Not every attempt at engineering conversations will succeed at first.
If your first attempts fail, don't be afraid to experiment with different ways of priming or conditioning the model.
As an example, one developer discovered an increase in accuracy when they inserted a user message that said "Great job so far, these have been perfect" to help condition the model into providing higher quality responses.
For more ideas on how to lift the reliability of the models, consider reading our guide on techniques to increase reliability. It was written for non-chat models, but many of its principles still apply.
4. Counting tokens¶
When you submit your request, the API transforms the messages into a sequence of tokens.
The number of tokens used affects:
- the cost of the request
- the time it takes to generate the response
- when the reply gets cut off from hitting the maximum token limit (4096 for
gpt-3.5-turbo
)
You can use the following function to count the number of tokens that a list of messages will use.
import tiktoken
def num_tokens_from_messages(messages, model="gpt-3.5-turbo-0301"):
"""Returns the number of tokens used by a list of messages."""
try:
encoding = tiktoken.encoding_for_model(model)
except KeyError:
print("Warning: model not found.

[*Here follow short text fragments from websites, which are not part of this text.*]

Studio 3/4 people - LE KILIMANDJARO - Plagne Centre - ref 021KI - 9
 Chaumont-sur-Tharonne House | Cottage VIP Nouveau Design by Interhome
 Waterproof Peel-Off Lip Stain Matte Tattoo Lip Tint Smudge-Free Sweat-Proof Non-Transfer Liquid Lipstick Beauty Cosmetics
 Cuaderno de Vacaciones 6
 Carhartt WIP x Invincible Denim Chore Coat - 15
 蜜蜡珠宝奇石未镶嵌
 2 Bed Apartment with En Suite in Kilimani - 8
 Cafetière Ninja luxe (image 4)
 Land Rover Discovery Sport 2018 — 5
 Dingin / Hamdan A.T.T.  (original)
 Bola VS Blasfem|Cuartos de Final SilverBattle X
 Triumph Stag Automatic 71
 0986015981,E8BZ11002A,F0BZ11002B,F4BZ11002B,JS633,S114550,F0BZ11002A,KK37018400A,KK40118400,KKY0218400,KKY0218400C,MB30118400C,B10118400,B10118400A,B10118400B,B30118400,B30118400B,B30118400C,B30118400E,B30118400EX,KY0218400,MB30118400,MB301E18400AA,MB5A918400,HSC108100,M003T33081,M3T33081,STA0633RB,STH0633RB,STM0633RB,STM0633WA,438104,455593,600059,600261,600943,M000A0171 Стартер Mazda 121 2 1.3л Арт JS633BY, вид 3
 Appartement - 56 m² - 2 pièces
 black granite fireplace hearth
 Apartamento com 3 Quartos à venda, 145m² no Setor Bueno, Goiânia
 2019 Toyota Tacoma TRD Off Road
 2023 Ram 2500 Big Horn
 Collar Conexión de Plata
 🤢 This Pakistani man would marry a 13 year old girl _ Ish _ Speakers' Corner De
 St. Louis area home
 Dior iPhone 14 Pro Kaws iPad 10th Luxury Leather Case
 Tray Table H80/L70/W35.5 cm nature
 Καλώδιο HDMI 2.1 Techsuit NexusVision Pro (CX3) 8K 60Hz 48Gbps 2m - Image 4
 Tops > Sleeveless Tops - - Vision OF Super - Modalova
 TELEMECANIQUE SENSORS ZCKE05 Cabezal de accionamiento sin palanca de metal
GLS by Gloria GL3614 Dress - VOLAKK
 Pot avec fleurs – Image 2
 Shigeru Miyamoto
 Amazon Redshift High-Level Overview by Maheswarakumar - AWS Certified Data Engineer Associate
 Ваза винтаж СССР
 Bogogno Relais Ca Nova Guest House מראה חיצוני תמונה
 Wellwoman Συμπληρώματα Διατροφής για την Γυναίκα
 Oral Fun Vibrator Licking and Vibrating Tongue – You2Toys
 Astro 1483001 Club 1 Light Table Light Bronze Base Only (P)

Using cl100k_base encoding.")
encoding = tiktoken.get_encoding("cl100k_base")
if model == "gpt-3.5-turbo":
print("Warning: gpt-3.5-turbo may change over time. Returning num tokens assuming gpt-3.5-turbo-0301.")
return num_tokens_from_messages(messages, model="gpt-3.5-turbo-0301")
elif model == "gpt-4":
print("Warning: gpt-4 may change over time. Returning num tokens assuming gpt-4-0314.")
return num_tokens_from_messages(messages, model="gpt-4-0314")
elif model == "gpt-3.5-turbo-0301":
tokens_per_message = 4 # every message follows <im_start>{role/name}\n{content}<im_end>\n
tokens_per_name = -1 # if there's a name, the role is omitted
elif model == "gpt-4-0314":
tokens_per_message = 3
tokens_per_name = 1
else:
raise NotImplementedError(f"""num_tokens_from_messages() is not implemented for model {model}. See https://github.com/openai/openai-python/blob/main/chatml.md for information on how messages are converted to tokens.""")
num_tokens = 0
for message in messages:
num_tokens += tokens_per_message
for key, value in message.items():
num_tokens += len(encoding.encode(value))
if key == "name":
num_tokens += tokens_per_name
num_tokens += 2 # every reply is primed with <im_start>assistant
return num_tokens
# let's verify the function above matches the OpenAI API response
example_messages = [
{
"role": "system",
"content": "You are a helpful, pattern-following assistant that translates corporate jargon into plain English.",
},
{
"role": "system",
"name": "example_user",
"content": "New synergies will help drive top-line growth.",
},
{
"role": "system",
"name": "example_assistant",
"content": "Things working well together will increase revenue.",
},
{
"role": "system",
"name": "example_user",
"content": "Let's circle back when we have more bandwidth to touch base on opportunities for increased leverage.",
},
{
"role": "system",
"name": "example_assistant",
"content": "Let's talk later when we're less busy about how to do better.",
},
{
"role": "user",
"content": "This late pivot means we don't have time to boil the ocean for the client deliverable.",
},
]
for model in ["gpt-3.5-turbo-0301", "gpt-4-0314"]:
print(model)
# example token count from the function defined above
print(f"{num_tokens_from_messages(example_messages, model)} prompt tokens counted by num_tokens_from_messages().")
# example token count from the OpenAI API
response = openai.ChatCompletion.create(
model=model,
messages=example_messages,
temperature=0,
max_tokens=1 # we're only counting input tokens here, so let's not waste tokens on the output
)
print(f'{response["usage"]["prompt_tokens"]} prompt tokens counted by the OpenAI API.')
print()
gpt-3.5-turbo-0301 126 prompt tokens counted by num_tokens_from_messages(). 126 prompt tokens counted by the OpenAI API. gpt-4-0314 128 prompt tokens counted by num_tokens_from_messages(). 128 prompt tokens counted by the OpenAI API.